┏━━

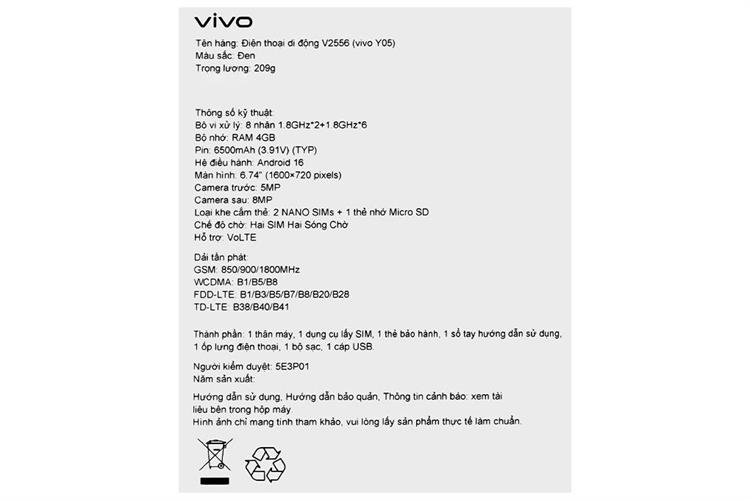Điện thoại vivo Y05 4GB/64GB Màu Đen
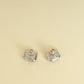 Chanel Silver CC Pearl Crystal Square Earrings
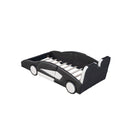 Race Car Shaped Twin Platform Bed With Wheels, Pine Wood Construction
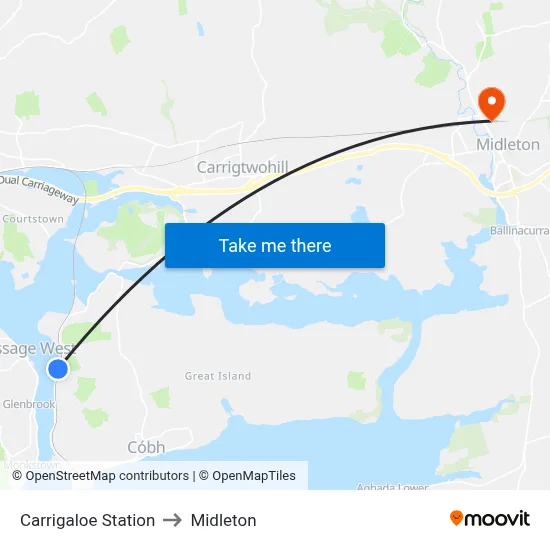 Carrigaloe Station to Midleton map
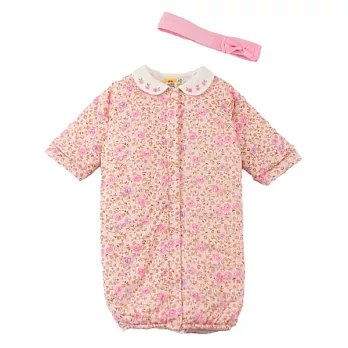 【愛的世界】鋪棉玫瑰兩用嬰衣-台灣製-6M粉紅色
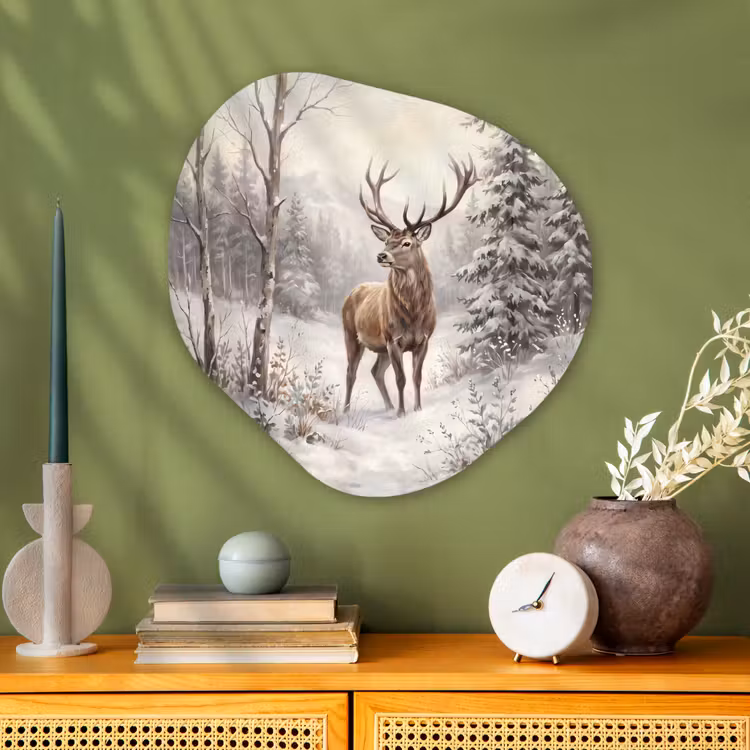 Glasbild Organische Form - Tier – Wald – Schnee — 2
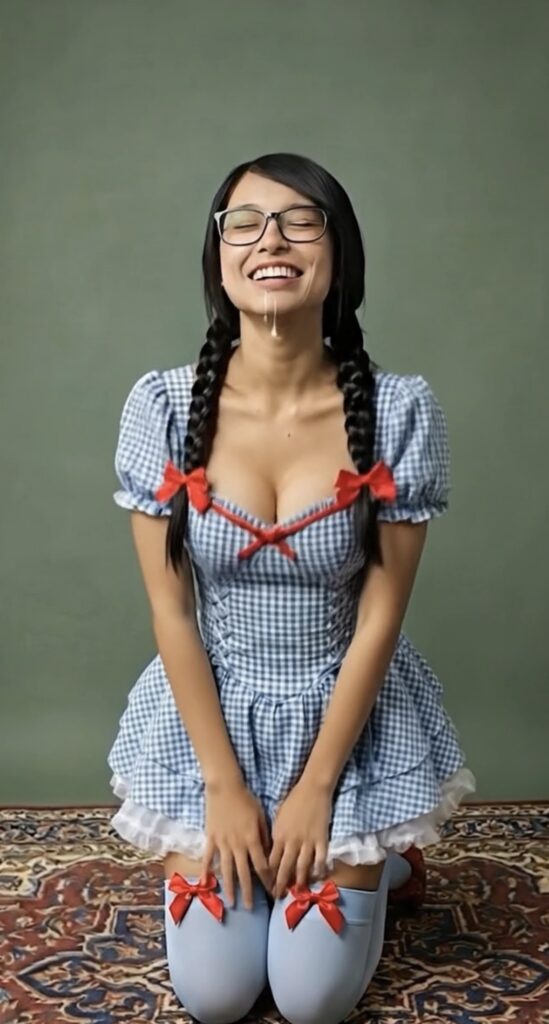 Dorothy cosplay facial Indian woman in braided pigtails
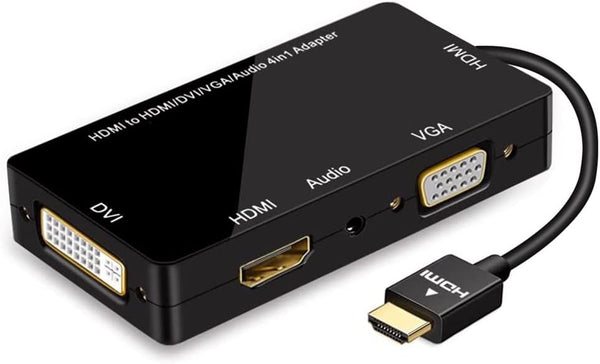 4-in-1 HDMI Adapter, HDMI to VGA DVI Converter with Audio, 1080p Video for Laptop and Projector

┗━━

> **WHAT THIS TASK INVOLVES**:
Reprint the listing above exactly, without images.

> **EXPECTED OUTPUT**:
Điện thoại vivo Y05 4GB/64GB Màu Đen
 Chanel Silver CC Pearl Crystal Square Earrings
 Race Car Shaped Twin Platform Bed With Wheels, Pine Wood Construction
 Carrigaloe Station to Midleton map
 【愛的世界】鋪棉玫瑰兩用嬰衣-台灣製-6M粉紅色
 Glasbild Organische Form - Tier – Wald – Schnee — 2
 Dorothy cosplay facial Indian woman in braided pigtails
 4-in-1 HDMI Adapter, HDMI to VGA DVI Converter with Audio, 1080p Video for Laptop and Projector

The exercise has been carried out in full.